As globalization has eliminated many blue-collar jobs, technology is driving 
the surge to high-skilled positions, and an expanding service economy is 
creating jobs that usually fail to pay what people are worth. Most of the jobs 
anticipated for the near future are low-wage occupations -- customer service, 
food processing and delivery, health care, personal care, teaching assistants, 
'caring' jobs. The Department for Professional Employees estimates that nearly 
10 million service industry jobs will be added in the next decade. At the other 
end are the tech and professional and high-paying jobs: Java application 
developer, internet security specialist, nurse practitioner, dental hygienist, 
statistical analyst, data mining specialist, physical therapist. As for the 
aforementioned mid-level jobs in transportation and construction, many of them 
will be threatened, respectively, by driverless vehicles and 3D printers.
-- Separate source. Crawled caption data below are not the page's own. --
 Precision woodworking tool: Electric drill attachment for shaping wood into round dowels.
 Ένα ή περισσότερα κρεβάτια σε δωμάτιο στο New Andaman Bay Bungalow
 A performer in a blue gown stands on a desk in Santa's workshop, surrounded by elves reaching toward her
The Fear: Upper-Middle-Class Jobs Going to People of Privilege

The living-wage middle-class jobs added in recent years primarily benefit of 
people with experience, people with education and connections, people who are 
male and white. Many of them became Trump supporters. Black workers, including 
those with education and experience, have been disproportionately hurt by the 
cutbacks in federal, state, and local government, which had employed one out of 
five black adults.

Now middle-class jobs are indeed appearing in contractor and construction and 
carpentry and managerial positions, but getting a job is a job in itself. In 
New York City, for example, jobseekers waited eight days for a chance to apply 
for a carpentry apprenticeship. Black applicants face ugly forms of 
discrimination: studies show that white men with criminal records are more 
likely to get a callback than blacks without a criminal record. And that 
applicants with white-sounding names are 50% more likely to get a callback than 
those with black-sounding names.

The Curse: Society Moves Much More Slowly Than Technology

A final relevant consideration was hinted at by The Economist, in talking about 
technological revolutions of the past: "It took several decades before economic 
growth was reflected in significant wage gains for workers -- a delay known as 
Engels' pause."

There's no reason to expect anything different today. It may be worse, 
considering the degree of political inertia in job creation. We will need a 
guaranteed income, ideally through guaranteed jobs, with the implementation of 
a financial transaction tax, and with a commitment to alternative energy 
infrastructure development.

This may be the only way to compete with the robots.